Pipe (computer science)

from Wikipedia, the free encyclopedia

A pipe or pipeline ( English pipeline ) is a data stream between two processes by a buffer with the principle First In - First Out (FIFO). In simplified terms, this means that a result of a computer program is used as input for a further program. Pipes were invented in 1973 by Douglas McIlroy for the Unix operating system .

How it works using an example

The following example should explain the function of a pipe:

ls -R ./Bilder | grep -ic '\.jpg$'

In the example, two small programs are connected via a pipe (symbol "|"). According to the Unix philosophy , these are programs that do their job very well and can work together.

  • the ls program is used to list the content of file paths in text form
  • grep is a program that can search text for character strings

In the example ls is instructed to list the directory Pictures including the subdirectories (switch R ). Ls sends the result (a text) to a pipe.

The grep program receives the text in the pipe . You are instructed to search the text for the string .jpg (the period of ".jpg" is masked with a backslash because it has two meanings for grep ). The switches i and c were also given to the grep program . i means that uppercase and lowercase letters are treated equally in the character string (“JPG” is also found); the switch c instructs grep not to list the occurrences, but to output their number.

The result of the pipe is the number of JPG images under the ./Images directory.

At first glance, it seems easier if the program ls is equipped with more functionality to avoid the cumbersome notation of the pipe (like the dir command in DOS and its successor). Supporters of the Unix philosophy emphasize, however, that dividing a larger problem into sub-problems is more effective for appropriately specialized programs.

Create a pipe

Under most operating systems and programming languages, when a pipe is requested by the pipe () system call, the operating system returns two access identifiers ( handles ) that are required for writing to and reading from the pipe. Child processes also inherit access to these handles . When the last process that has access to an active pipe is terminated, the operating system terminates it.

Pipe variants

There are anonymous and named pipes.

Anonymous pipes have three major limitations:

  • They can only be used in one direction: one process writes, the other reads.
  • They can only be used for communication between closely related processes.
  • The maximum amount of data that a pipe can hold is relatively small.

Named Pipes ( Named Pipes ) can, however also be used for communication between processes that are not related to each other and on different computers within a beyond network may be located. They are more flexible than anonymous pipes and are suitable for so-called client-server applications ( RPCs can also be implemented). Named pipes enable simultaneous communication in both directions, which means that data can be exchanged between the processes in full duplex mode .
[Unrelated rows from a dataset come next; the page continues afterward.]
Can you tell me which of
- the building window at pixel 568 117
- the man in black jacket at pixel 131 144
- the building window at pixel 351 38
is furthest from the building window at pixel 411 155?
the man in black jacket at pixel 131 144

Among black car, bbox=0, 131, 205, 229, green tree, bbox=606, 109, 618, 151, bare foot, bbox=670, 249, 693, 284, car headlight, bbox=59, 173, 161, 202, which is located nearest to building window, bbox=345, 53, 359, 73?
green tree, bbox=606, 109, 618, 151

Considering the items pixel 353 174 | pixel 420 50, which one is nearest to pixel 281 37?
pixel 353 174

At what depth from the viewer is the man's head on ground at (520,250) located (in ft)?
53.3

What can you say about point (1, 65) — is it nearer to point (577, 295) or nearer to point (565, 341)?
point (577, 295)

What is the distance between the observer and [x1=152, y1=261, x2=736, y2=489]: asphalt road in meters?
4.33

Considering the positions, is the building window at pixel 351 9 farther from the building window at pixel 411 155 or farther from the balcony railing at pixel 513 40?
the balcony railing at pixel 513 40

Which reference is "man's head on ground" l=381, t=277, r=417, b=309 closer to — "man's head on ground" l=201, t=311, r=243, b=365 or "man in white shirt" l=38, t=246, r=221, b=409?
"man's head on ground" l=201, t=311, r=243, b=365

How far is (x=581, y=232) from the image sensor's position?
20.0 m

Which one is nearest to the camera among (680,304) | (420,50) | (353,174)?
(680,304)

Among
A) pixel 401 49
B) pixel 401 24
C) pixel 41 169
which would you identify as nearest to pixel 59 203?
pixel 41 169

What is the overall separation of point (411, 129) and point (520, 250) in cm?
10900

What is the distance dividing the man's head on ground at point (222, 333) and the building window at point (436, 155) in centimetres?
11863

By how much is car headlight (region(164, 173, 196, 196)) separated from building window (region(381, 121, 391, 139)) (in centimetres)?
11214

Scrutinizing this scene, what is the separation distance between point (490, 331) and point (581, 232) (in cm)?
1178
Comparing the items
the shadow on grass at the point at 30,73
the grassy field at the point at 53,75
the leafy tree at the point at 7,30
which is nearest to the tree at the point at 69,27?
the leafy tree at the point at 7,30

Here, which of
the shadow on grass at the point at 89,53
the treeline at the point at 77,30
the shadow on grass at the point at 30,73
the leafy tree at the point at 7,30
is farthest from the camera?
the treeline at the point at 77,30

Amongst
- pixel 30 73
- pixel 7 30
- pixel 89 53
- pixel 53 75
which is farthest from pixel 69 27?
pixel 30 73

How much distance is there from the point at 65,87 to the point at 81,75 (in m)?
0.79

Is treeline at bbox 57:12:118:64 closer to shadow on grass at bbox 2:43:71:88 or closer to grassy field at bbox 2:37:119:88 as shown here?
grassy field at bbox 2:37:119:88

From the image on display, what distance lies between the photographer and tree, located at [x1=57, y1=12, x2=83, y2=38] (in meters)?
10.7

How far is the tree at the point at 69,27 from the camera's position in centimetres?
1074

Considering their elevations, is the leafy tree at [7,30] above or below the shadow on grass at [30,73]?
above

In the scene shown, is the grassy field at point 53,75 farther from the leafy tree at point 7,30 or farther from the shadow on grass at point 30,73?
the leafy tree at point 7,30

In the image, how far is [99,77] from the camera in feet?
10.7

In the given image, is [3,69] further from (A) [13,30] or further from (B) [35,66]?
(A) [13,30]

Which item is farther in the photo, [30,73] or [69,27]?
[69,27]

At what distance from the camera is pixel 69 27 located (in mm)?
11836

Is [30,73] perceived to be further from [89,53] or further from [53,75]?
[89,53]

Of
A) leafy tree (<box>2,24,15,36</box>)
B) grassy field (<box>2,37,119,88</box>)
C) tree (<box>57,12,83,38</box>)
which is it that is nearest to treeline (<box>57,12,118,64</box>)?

Any process that knows the name of a named pipe can use this name to establish the connection to the pipe and thus to other processes.

Pipes in operating systems

Pipes are implemented in various operating systems ; most of them offer both anonymous and named pipes.

Unix

Anonymous pipes

Pipes are one of the most powerful tools under Unix and Unix-like operating systems to enable the sequential processing of commands on a specific database.
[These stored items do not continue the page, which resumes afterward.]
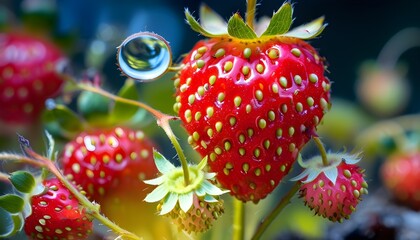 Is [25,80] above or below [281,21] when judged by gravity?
below

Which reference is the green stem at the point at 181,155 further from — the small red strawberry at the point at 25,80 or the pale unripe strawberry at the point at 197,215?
the small red strawberry at the point at 25,80

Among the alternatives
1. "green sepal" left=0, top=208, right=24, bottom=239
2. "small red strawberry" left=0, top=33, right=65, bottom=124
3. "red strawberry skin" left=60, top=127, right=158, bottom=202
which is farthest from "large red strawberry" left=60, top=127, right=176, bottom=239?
"small red strawberry" left=0, top=33, right=65, bottom=124

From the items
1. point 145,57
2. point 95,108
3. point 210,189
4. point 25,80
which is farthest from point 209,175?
point 25,80

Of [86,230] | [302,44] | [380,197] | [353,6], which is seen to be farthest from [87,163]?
[353,6]

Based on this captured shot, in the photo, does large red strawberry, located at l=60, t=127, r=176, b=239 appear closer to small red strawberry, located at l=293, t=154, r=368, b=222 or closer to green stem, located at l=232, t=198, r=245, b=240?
green stem, located at l=232, t=198, r=245, b=240

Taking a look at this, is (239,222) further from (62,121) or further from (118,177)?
(62,121) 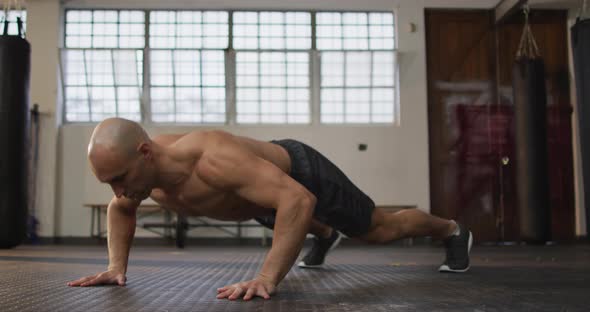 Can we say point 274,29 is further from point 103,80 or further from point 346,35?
point 103,80

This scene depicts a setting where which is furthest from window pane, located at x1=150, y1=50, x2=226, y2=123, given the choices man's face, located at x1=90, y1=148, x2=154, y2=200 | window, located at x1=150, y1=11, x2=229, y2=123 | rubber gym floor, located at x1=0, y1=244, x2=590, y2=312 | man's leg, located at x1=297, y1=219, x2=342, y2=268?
man's face, located at x1=90, y1=148, x2=154, y2=200

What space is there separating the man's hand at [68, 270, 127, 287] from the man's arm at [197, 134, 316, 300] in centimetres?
53

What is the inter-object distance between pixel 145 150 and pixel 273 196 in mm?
386

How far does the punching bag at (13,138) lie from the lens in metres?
5.33

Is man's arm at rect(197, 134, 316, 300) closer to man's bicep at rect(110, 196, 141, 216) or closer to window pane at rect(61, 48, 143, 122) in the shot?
man's bicep at rect(110, 196, 141, 216)

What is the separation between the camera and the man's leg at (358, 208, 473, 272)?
2.39m

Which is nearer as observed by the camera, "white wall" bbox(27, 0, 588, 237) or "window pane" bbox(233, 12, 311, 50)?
"white wall" bbox(27, 0, 588, 237)

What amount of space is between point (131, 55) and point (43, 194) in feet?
7.53

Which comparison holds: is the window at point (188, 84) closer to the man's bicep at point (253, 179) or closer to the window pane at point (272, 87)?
the window pane at point (272, 87)

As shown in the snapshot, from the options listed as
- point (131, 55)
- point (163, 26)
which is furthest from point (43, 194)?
point (163, 26)

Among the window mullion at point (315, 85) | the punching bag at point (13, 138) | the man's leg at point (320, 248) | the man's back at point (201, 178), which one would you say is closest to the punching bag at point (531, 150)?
the window mullion at point (315, 85)

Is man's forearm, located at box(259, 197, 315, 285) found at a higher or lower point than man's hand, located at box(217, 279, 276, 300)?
higher

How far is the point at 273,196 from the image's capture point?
168cm

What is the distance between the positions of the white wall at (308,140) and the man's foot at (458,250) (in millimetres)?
5510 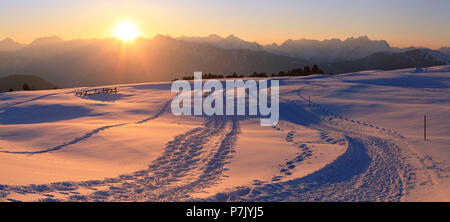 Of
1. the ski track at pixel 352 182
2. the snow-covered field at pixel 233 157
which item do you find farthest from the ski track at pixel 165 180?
the ski track at pixel 352 182

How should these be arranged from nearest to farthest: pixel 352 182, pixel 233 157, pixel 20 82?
pixel 352 182
pixel 233 157
pixel 20 82

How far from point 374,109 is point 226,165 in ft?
44.6

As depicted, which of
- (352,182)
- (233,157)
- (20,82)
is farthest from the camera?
(20,82)

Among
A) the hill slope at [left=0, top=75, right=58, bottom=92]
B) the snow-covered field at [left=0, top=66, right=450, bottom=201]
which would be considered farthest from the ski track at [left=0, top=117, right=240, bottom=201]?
the hill slope at [left=0, top=75, right=58, bottom=92]

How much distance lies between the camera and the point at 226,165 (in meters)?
10.8

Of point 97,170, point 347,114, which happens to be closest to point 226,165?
point 97,170

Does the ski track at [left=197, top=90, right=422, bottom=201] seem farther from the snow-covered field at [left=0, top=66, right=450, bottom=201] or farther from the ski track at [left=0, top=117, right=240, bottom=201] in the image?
the ski track at [left=0, top=117, right=240, bottom=201]

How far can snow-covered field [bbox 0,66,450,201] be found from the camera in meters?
8.18

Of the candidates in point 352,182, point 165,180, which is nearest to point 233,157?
point 165,180

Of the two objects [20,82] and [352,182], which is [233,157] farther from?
[20,82]

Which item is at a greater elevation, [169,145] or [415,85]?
[415,85]

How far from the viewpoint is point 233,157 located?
38.3ft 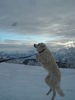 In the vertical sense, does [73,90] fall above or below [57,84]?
below

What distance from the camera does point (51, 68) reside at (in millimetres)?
4758

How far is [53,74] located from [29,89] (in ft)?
5.29

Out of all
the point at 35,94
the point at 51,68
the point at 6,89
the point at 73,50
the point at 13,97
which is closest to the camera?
the point at 51,68

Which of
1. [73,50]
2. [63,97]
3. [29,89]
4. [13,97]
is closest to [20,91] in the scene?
[29,89]

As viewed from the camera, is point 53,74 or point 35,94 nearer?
point 53,74

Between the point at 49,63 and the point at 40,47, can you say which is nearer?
the point at 49,63

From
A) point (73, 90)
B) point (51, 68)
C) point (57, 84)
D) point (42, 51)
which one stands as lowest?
point (73, 90)

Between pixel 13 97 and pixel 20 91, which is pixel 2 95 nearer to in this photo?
pixel 13 97

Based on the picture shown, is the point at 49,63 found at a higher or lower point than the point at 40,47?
lower

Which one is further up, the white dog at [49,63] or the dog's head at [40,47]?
the dog's head at [40,47]

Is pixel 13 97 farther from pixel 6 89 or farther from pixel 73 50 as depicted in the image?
pixel 73 50

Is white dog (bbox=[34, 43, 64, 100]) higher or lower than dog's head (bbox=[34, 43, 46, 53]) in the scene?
lower

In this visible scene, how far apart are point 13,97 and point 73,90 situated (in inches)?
71.4

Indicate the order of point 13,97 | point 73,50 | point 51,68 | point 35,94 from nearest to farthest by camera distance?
point 51,68 → point 13,97 → point 35,94 → point 73,50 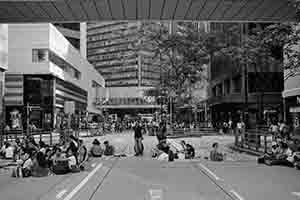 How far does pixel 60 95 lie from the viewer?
54156 mm

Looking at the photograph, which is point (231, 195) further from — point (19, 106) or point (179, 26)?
point (19, 106)

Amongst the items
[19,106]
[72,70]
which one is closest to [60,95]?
[19,106]

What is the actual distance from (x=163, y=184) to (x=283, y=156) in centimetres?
687

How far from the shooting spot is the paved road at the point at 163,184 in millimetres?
9711

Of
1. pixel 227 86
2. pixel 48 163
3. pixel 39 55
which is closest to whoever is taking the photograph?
pixel 48 163

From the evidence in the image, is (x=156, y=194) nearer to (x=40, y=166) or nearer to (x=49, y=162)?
(x=40, y=166)

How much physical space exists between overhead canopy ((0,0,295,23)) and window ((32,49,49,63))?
33696 mm

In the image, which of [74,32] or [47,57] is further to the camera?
[74,32]

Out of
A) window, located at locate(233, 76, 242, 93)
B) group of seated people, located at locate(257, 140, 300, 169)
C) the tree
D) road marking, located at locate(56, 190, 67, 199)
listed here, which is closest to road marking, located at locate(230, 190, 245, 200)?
road marking, located at locate(56, 190, 67, 199)

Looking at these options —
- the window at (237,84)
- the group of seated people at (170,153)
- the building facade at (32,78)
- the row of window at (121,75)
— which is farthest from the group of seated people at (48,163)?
the row of window at (121,75)

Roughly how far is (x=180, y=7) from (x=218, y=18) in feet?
7.39

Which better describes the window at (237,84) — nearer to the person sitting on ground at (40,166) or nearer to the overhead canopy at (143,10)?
the overhead canopy at (143,10)

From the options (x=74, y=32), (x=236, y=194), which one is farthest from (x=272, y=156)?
(x=74, y=32)

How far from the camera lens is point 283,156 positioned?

With an anonymous pipe , communication is limited to several processes of the same origin. This (original) relationship is mostly created by forks . In the shell , an anonymous pipe is created when the programs are started by entering a "|" character. The shell is then the (common) parent process of all processes and does the forks automatically.

Example:

grep '.sshd.*Invalid user' /var/log/messages | awk '{print $NF}' | sort -u

Here the system log file is searched for the search term “sshd” followed by the text “Invalid user” in the same line. Then the last field is cut out of the message ("awk ..."), which contains the IP address of the computer from which the ssh access originated. Finally, these IP addresses are sorted so that they do not occur more than once ("sort --unique").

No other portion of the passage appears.